Your interpretation of your results could lull managers into thinking further filtration is unnecessary. Good for the salmon farmers, risky for wild salmon.
These internal communications suggest that senior DFO management staff in the Pacific Region know that ACRDP 21-P-01 contains overstated, inaccurate conclusions and that the hydrogen peroxide lice treatment effluent does pose a threat to young wild salmon. Whether they did anything about it is unknown.

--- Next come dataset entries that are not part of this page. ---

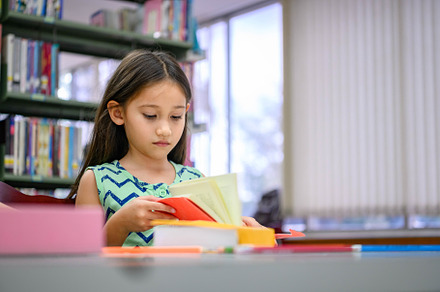 Cute little girl reading books in library attentively at school., a School & Education Photo by Ministocker
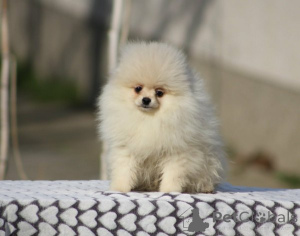 Photo №2 to announcement № 161468 for the sale of pomeranian - buy in Serbia 
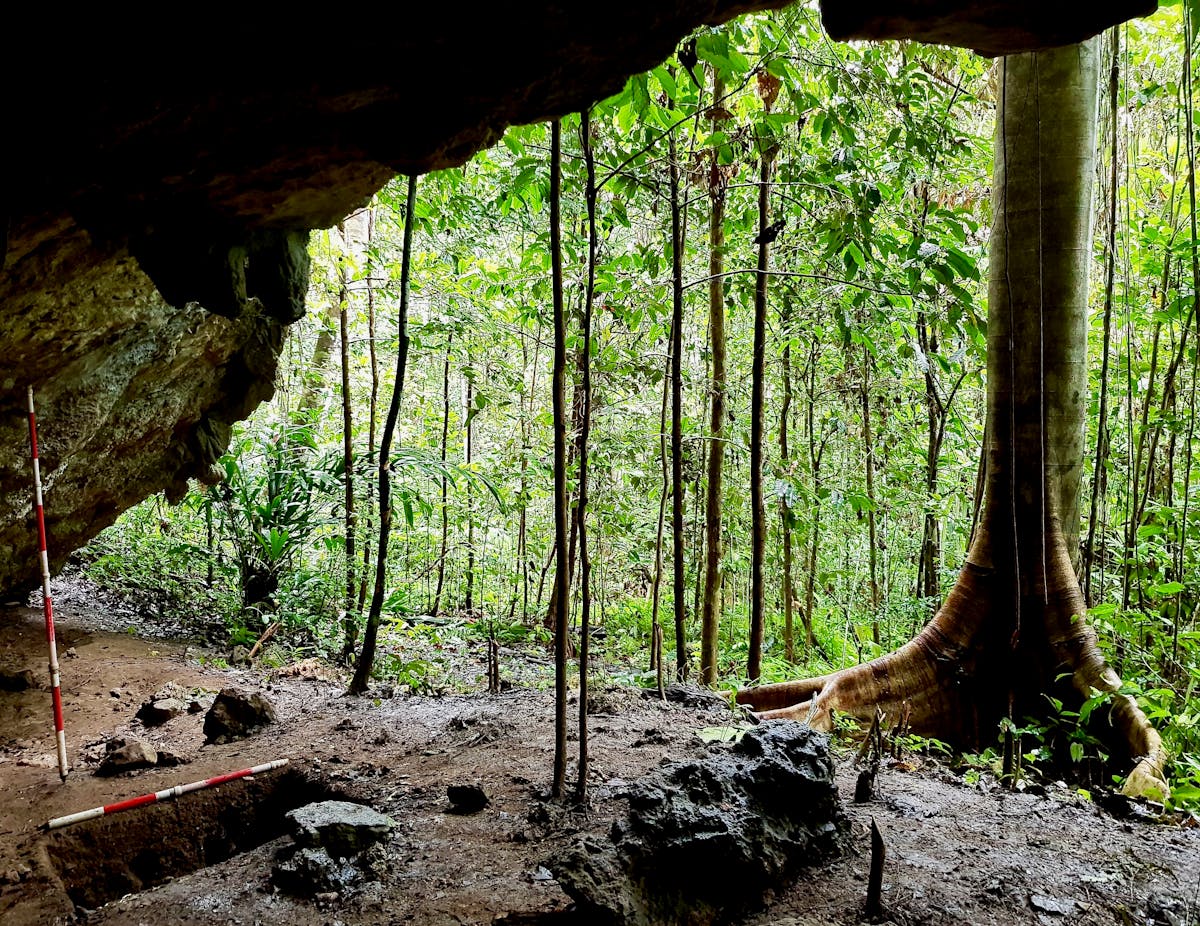 Stone Tools From A Remote Cave Reveal How Island Hopping Humans Made A Living In The Jungle Millennia Ago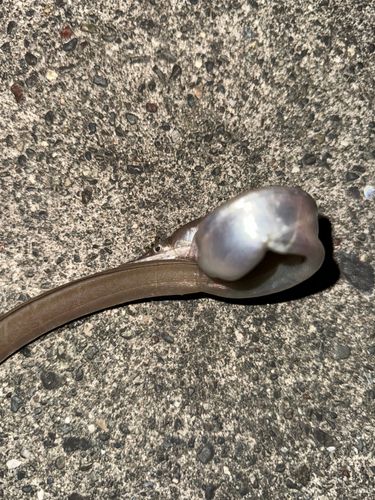 ダイナンウミヘビの釣果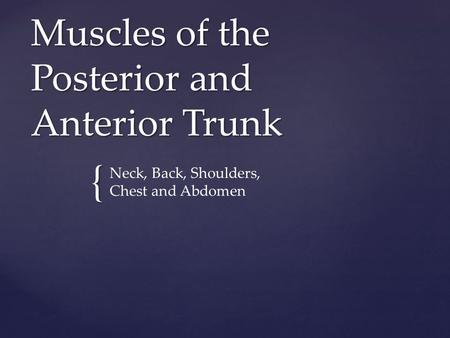 Muscles of the Posterior and Anterior Trunk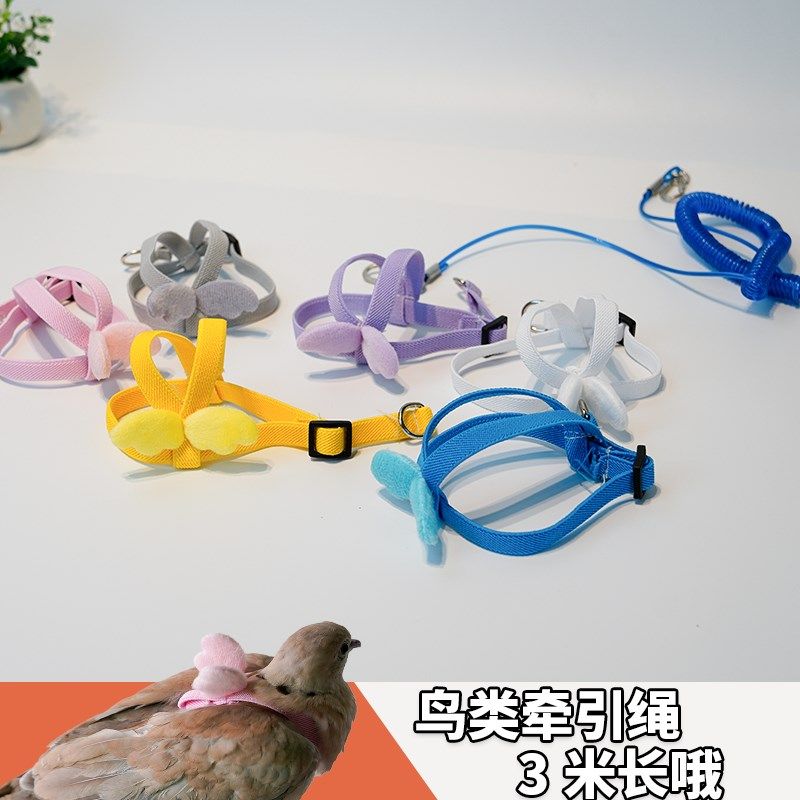 鸟用鹦鹉放飞绳玄凤虎皮牡丹牵引绳飞行外出背带遛鸟神器用品玩具,淘宝优惠券,粉丝福利购,淘宝优惠卷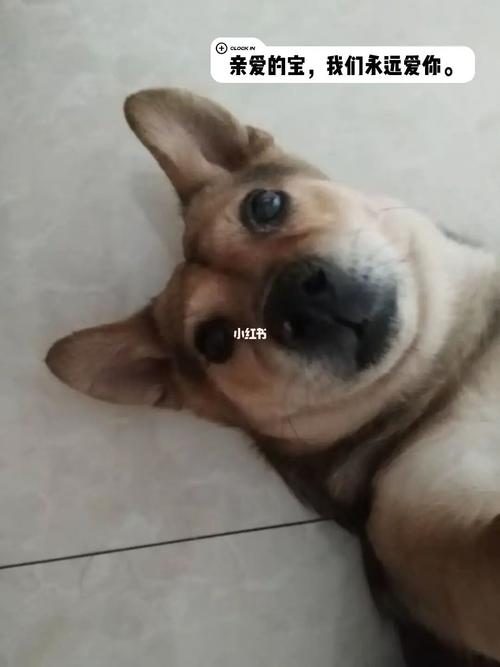 狗狗死后头七会回来吗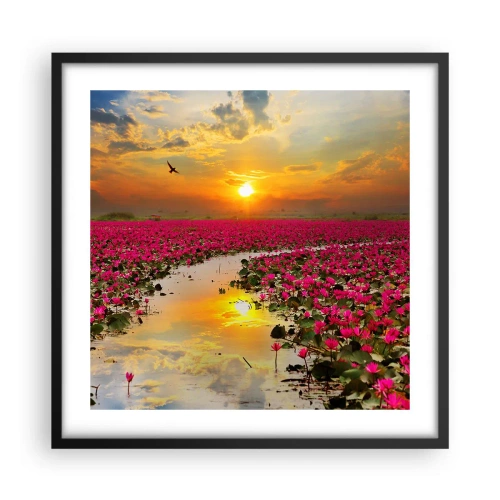 Poster in black frame - Secret Life of a Lake - 50x50 cm
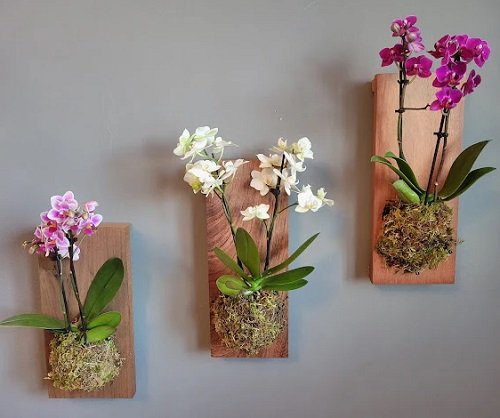 Orchid stand Arrangement Ideas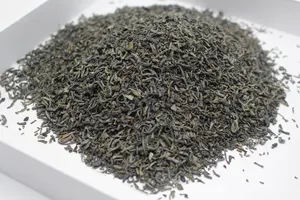 Organic Famous China Top Grade EU Standard 41022AAAA Green Tea Chunmee With Tea Plant Base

I recommend that your research reported via ACRDP 21-P-01 as submitted by Mowi and Cermaq to DFO in compliance with their 2020 Licence be evaluated using the international principles of research fraud. It is a simple checklist. Were results suppressed that altered the conclusion, benefitted the salmon farming industry and put wild salmon are risk? Here is a link to the documents I have described. Please note this document contains an email from Jay Parsons that includes his recommendation that DFO not release internal communications about development of your CSAS sea lice science. However, it was released to me and 16 independent scientists who objected to your conclusions where you ignored some results which happened to benefit the salmon farming industry.
I have copied First Nation leaders who are receiving information from you on the impact of farm lice on the wild salmon that they are responsible for as they pass through their territory. If they want wild salmon to survive, I believe an audit of the information you are providing to them is essential to their achieving their goals.